Dale Dolezal Crack Dealer

Dale Dolezal Crack Dealer Name

Silk Road and Bitcoins could herald a black market eCommerce revolution. But anonymity cuts both ways. How long until a DEA agent sets up a fake Silk Road account and starts sending SWAT teams instead of LSD to the addresses she gets? As Silk Road inevitably spills out of the bitcoin bubble, its drug-swapping utopians will meet a harsh reality no anonymizing network can blur.

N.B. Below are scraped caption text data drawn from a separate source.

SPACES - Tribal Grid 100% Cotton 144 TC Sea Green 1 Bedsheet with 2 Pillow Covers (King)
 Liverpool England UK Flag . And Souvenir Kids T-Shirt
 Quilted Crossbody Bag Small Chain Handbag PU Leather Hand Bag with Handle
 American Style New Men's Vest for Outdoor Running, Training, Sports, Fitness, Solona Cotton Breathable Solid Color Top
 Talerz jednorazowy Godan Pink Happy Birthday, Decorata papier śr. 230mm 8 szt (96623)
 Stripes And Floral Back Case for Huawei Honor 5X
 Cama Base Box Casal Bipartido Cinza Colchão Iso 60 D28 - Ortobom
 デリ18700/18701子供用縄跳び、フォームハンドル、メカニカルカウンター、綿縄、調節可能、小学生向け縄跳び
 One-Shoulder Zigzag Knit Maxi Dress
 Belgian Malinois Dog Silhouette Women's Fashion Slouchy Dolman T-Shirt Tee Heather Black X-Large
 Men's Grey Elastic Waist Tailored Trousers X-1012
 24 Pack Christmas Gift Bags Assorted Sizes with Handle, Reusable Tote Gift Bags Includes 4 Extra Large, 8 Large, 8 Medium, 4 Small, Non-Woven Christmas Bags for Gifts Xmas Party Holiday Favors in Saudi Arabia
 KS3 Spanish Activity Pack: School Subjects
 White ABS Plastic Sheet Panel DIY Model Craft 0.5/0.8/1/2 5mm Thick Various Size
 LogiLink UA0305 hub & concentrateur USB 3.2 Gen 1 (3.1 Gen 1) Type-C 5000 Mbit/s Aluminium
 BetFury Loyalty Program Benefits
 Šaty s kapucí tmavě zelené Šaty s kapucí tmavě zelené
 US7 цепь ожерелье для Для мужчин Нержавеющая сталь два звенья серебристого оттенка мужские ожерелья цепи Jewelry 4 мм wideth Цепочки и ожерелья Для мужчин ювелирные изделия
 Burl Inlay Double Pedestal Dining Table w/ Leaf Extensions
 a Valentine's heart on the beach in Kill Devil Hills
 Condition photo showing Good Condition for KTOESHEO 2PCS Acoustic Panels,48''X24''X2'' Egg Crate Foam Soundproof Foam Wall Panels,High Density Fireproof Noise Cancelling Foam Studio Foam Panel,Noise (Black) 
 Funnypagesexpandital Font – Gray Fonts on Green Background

Update: Jeff Garzik, a member of the Bitcoin core development team, says in an email that bitcoin is not as anonymous as the denizens of Silk Road would like to believe. He explains that because all Bitcoin transactions are recorded in a public log, though the identities of all the parties are anonymous, law enforcement could use sophisticated network analysis techniques to parse the transaction flow and track down individual Bitcoin users.

'Attempting major illicit transactions with bitcoin, given existing statistical analysis techniques deployed in the field by law enforcement, is pretty damned dumb,' he says.